Exact repetition of the data below is required.
[STUDY MATERIAL — start]
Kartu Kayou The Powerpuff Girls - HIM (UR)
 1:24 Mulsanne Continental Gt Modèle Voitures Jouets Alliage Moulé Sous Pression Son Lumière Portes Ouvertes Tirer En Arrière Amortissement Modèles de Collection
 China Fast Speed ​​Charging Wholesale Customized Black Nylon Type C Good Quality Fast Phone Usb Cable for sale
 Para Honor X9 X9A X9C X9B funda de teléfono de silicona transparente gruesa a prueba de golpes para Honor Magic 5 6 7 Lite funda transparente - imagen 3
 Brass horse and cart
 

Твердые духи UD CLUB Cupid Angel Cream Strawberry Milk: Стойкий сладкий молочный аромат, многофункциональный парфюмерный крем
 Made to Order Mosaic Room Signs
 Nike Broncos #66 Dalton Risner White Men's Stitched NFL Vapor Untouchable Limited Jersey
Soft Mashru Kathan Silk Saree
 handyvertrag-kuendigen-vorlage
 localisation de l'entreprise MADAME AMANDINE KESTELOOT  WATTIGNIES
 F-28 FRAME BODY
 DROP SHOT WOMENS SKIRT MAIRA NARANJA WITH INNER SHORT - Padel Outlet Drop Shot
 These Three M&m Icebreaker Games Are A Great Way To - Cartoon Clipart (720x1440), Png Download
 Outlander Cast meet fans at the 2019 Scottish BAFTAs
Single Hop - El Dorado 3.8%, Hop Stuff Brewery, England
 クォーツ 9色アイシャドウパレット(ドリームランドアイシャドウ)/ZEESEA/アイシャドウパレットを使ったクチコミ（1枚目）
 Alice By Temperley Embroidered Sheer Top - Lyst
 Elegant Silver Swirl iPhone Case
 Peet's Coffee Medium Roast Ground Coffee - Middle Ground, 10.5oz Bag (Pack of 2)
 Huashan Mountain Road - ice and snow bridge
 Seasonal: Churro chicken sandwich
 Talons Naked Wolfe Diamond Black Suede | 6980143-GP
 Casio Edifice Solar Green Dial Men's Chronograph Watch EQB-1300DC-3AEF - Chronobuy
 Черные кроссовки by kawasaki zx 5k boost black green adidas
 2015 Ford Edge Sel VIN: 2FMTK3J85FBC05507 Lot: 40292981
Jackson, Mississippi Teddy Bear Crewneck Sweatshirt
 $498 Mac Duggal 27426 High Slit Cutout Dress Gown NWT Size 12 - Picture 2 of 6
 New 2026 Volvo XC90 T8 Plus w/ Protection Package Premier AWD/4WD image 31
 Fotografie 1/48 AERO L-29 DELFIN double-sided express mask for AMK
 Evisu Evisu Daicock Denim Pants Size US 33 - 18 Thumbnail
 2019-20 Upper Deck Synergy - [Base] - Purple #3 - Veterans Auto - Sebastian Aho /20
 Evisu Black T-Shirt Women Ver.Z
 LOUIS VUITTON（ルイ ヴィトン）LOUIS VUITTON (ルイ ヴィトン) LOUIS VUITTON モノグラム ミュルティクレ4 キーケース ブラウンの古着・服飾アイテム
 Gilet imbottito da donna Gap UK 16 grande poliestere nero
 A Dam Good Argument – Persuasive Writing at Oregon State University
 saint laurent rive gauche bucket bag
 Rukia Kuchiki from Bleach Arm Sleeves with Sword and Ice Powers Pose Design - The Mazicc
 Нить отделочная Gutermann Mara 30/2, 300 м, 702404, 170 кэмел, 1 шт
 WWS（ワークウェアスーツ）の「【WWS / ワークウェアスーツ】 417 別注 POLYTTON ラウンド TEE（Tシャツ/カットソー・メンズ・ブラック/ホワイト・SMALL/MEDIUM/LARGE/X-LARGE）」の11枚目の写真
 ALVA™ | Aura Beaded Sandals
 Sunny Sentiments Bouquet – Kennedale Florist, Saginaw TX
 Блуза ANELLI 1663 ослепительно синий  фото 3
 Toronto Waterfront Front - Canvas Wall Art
[STUDY MATERIAL — finish]
» RESPONSE TO THE TASK:
Kartu Kayou The Powerpuff Girls - HIM (UR)
 1:24 Mulsanne Continental Gt Modèle Voitures Jouets Alliage Moulé Sous Pression Son Lumière Portes Ouvertes Tirer En Arrière Amortissement Modèles de Collection
 China Fast Speed ​​Charging Wholesale Customized Black Nylon Type C Good Quality Fast Phone Usb Cable for sale
 Para Honor X9 X9A X9C X9B funda de teléfono de silicona transparente gruesa a prueba de golpes para Honor Magic 5 6 7 Lite funda transparente - imagen 3
 Brass horse and cart
 

Твердые духи UD CLUB Cupid Angel Cream Strawberry Milk: Стойкий сладкий молочный аромат, многофункциональный парфюмерный крем
 Made to Order Mosaic Room Signs
 Nike Broncos #66 Dalton Risner White Men's Stitched NFL Vapor Untouchable Limited Jersey
Soft Mashru Kathan Silk Saree
 handyvertrag-kuendigen-vorlage
 localisation de l'entreprise MADAME AMANDINE KESTELOOT  WATTIGNIES
 F-28 FRAME BODY
 DROP SHOT WOMENS SKIRT MAIRA NARANJA WITH INNER SHORT - Padel Outlet Drop Shot
 These Three M&m Icebreaker Games Are A Great Way To - Cartoon Clipart (720x1440), Png Download
 Outlander Cast meet fans at the 2019 Scottish BAFTAs
Single Hop - El Dorado 3.8%, Hop Stuff Brewery, England
 クォーツ 9色アイシャドウパレット(ドリームランドアイシャドウ)/ZEESEA/アイシャドウパレットを使ったクチコミ（1枚目）
 Alice By Temperley Embroidered Sheer Top - Lyst
 Elegant Silver Swirl iPhone Case
 Peet's Coffee Medium Roast Ground Coffee - Middle Ground, 10.5oz Bag (Pack of 2)
 Huashan Mountain Road - ice and snow bridge
 Seasonal: Churro chicken sandwich
 Talons Naked Wolfe Diamond Black Suede | 6980143-GP
 Casio Edifice Solar Green Dial Men's Chronograph Watch EQB-1300DC-3AEF - Chronobuy
 Черные кроссовки by kawasaki zx 5k boost black green adidas
 2015 Ford Edge Sel VIN: 2FMTK3J85FBC05507 Lot: 40292981
Jackson, Mississippi Teddy Bear Crewneck Sweatshirt
 $498 Mac Duggal 27426 High Slit Cutout Dress Gown NWT Size 12 - Picture 2 of 6
 New 2026 Volvo XC90 T8 Plus w/ Protection Package Premier AWD/4WD image 31
 Fotografie 1/48 AERO L-29 DELFIN double-sided express mask for AMK
 Evisu Evisu Daicock Denim Pants Size US 33 - 18 Thumbnail
 2019-20 Upper Deck Synergy - [Base] - Purple #3 - Veterans Auto - Sebastian Aho /20
 Evisu Black T-Shirt Women Ver.Z
 LOUIS VUITTON（ルイ ヴィトン）LOUIS VUITTON (ルイ ヴィトン) LOUIS VUITTON モノグラム ミュルティクレ4 キーケース ブラウンの古着・服飾アイテム
 Gilet imbottito da donna Gap UK 16 grande poliestere nero
 A Dam Good Argument – Persuasive Writing at Oregon State University
 saint laurent rive gauche bucket bag
 Rukia Kuchiki from Bleach Arm Sleeves with Sword and Ice Powers Pose Design - The Mazicc
 Нить отделочная Gutermann Mara 30/2, 300 м, 702404, 170 кэмел, 1 шт
 WWS（ワークウェアスーツ）の「【WWS / ワークウェアスーツ】 417 別注 POLYTTON ラウンド TEE（Tシャツ/カットソー・メンズ・ブラック/ホワイト・SMALL/MEDIUM/LARGE/X-LARGE）」の11枚目の写真
 ALVA™ | Aura Beaded Sandals
 Sunny Sentiments Bouquet – Kennedale Florist, Saginaw TX
 Блуза ANELLI 1663 ослепительно синий  фото 3
 Toronto Waterfront Front - Canvas Wall Art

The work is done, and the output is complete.